Objective: To validate a better scoring system between CURB-65 and the pneumonia severity index (PSI) to predict the need for intensive care unit admission and 30-day mortality in patients with COVID-19 pneumonia. Methods: A retrospective cohort study was conducted on patients in a tertiary care hospital in Kota, Rajasthan. Relevant data about history, and general and systemic examination with laboratory investigations was collected. Patients were categorized into different risk groups for ICU admission and 30-day mortality according to CURB-65 and PSI. Sensitivity, specificity, positive predictive value, negative predictive value, and area under the curve were calculated. Continuous variables, means and percentages were compared using the t-test for numerical data and the Chi-square test for nominal data. Results: 100 patients who tested positive for SARS-CoV-2 by RT-PCR were included; 67 were male and 33 were female. 58 patients had severe disease (SpO2≤90%) and 30 patients died.
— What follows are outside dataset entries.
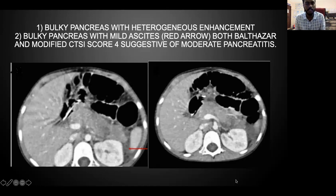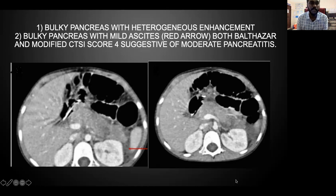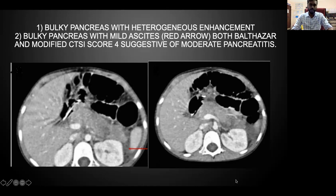These are the images taken during the study. The first image shows a bulky pancreas with heterogeneous enhancement and mild ascites. The modified CT severity index and Balthazar scores are both 4, suggestive of moderate pancreatitis.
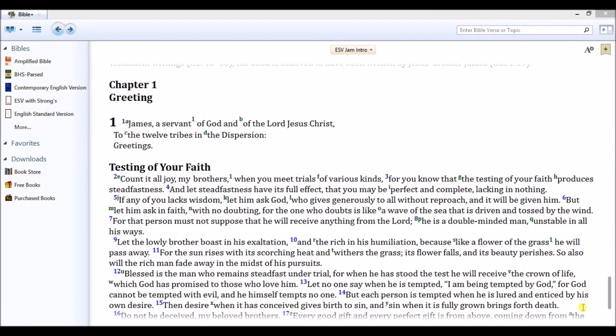The Anchor Yale Bible Commentary Series is an expansive 87-volume set and has been enhanced for use within the Bible Study App's powerful resource guide.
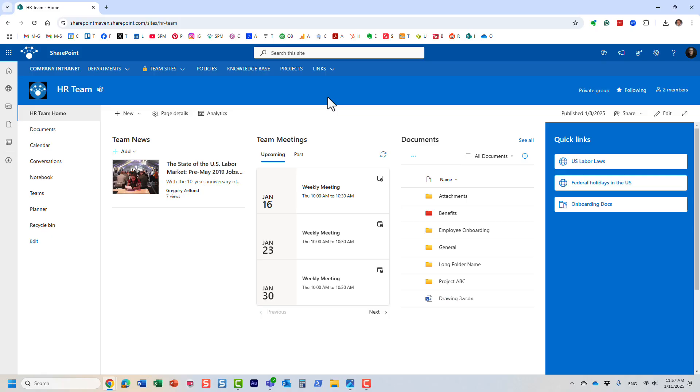Hello, this is Greg from SharePoint Maven. In this video, I'd like to explain the concept of a Microsoft 365 group. It's a concept that confuses many users, and even many years after its release, it still causes confusion.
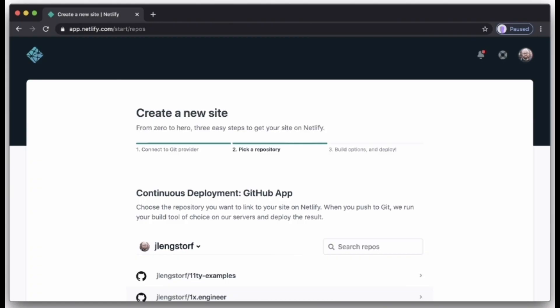Now that you have connected Netlify and GitHub, you can see a list of your Git repos. Choose the repo you would like to deploy from the list.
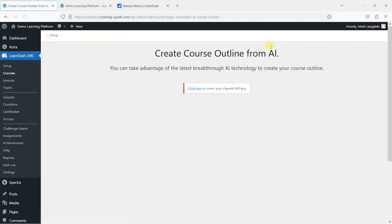Let's go ahead and click on that. What this does is it works with ChatGPT, which you've probably heard of — we've done some videos separately on this. It's an AI tool that is able to do all sorts of things in terms of generating content and language. What LearnDash are doing here is giving a means of building the structure of a course based on feedback from ChatGPT.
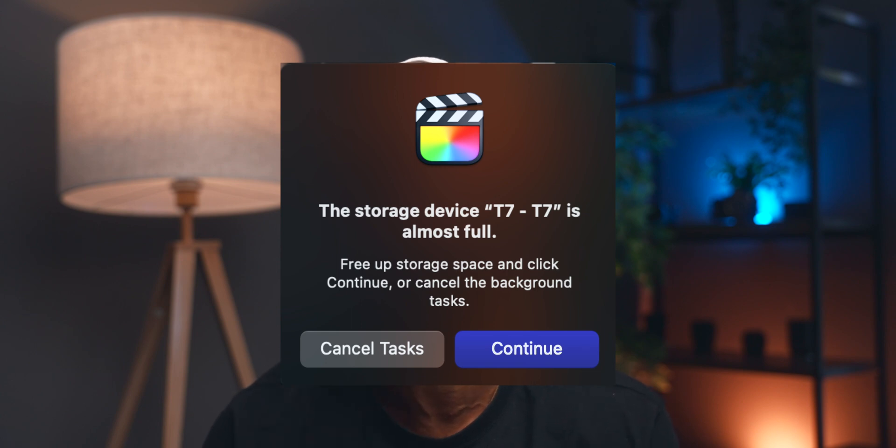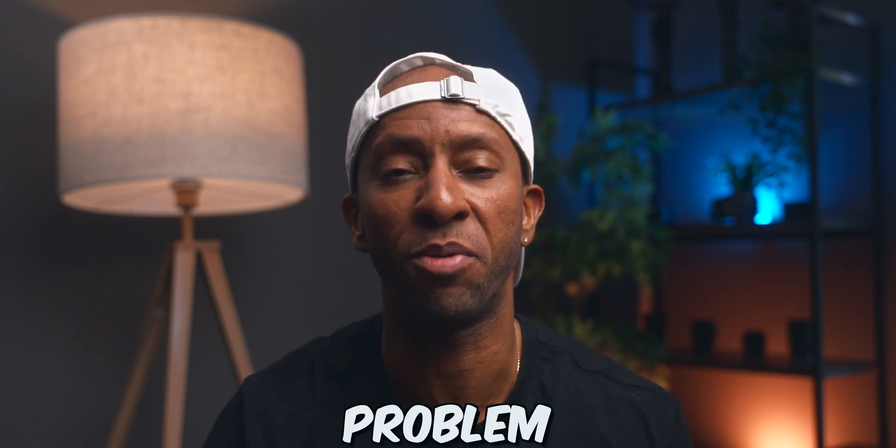So you get your new Mac, you think everything is good, you're ready to edit, and then all of a sudden after editing for a little while you get this particular dreaded message. I've actually done a video on this issue before, however I need to update it because I've learned some key things that I think can help you and maybe prevent this issue from happening again. In today's video we're going to take a deep dive into the problem so you can understand what is happening and exactly how to fix it for your particular situation.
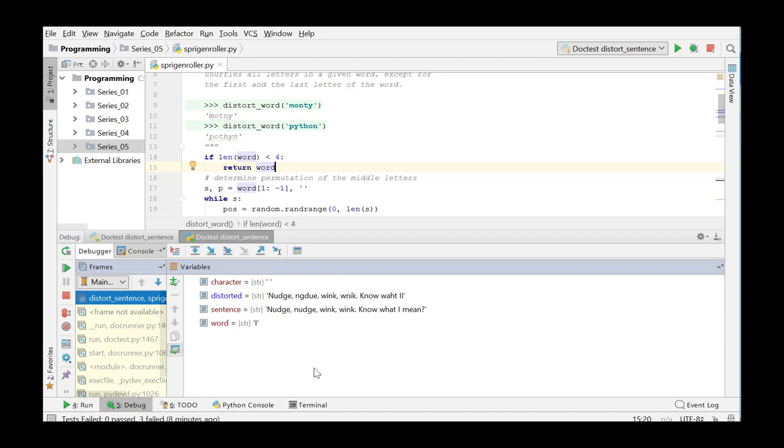By using these function keys, we can follow the execution of the code step by step, track the value of the objects and detect errors. This is the end of this video in which we learned to debug in detail by using docstrings and a doctest module.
CURB-65 had an area under the curve (AUC) of 0.81 for predicting ICU admission, with a sensitivity of 92% and a specificity of 54% for high risk patients. Meanwhile, PSI had an AUC of 0.88, with a sensitivity of 83% and a specificity of 73% in high risk patients. In addition, CURB-65 had an AUC of 0.79 for predicting 30-day mortality, with a sensitivity of 60% and a specificity of 89% in high risk patients. PSI had an AUC of 0.71 for predicting 30-day mortality, with a sensitivity of 90% and a specificity of 46% in high risk patients. Conclusions: This single-centre retrospective study involving a cohort of COVID-19 patients demonstrates that CURB-65 and PSI are powerful tools for predicting mortality. However, PSI appears to be slightly better at predicting the need for intensive care unit admission in high-risk patients.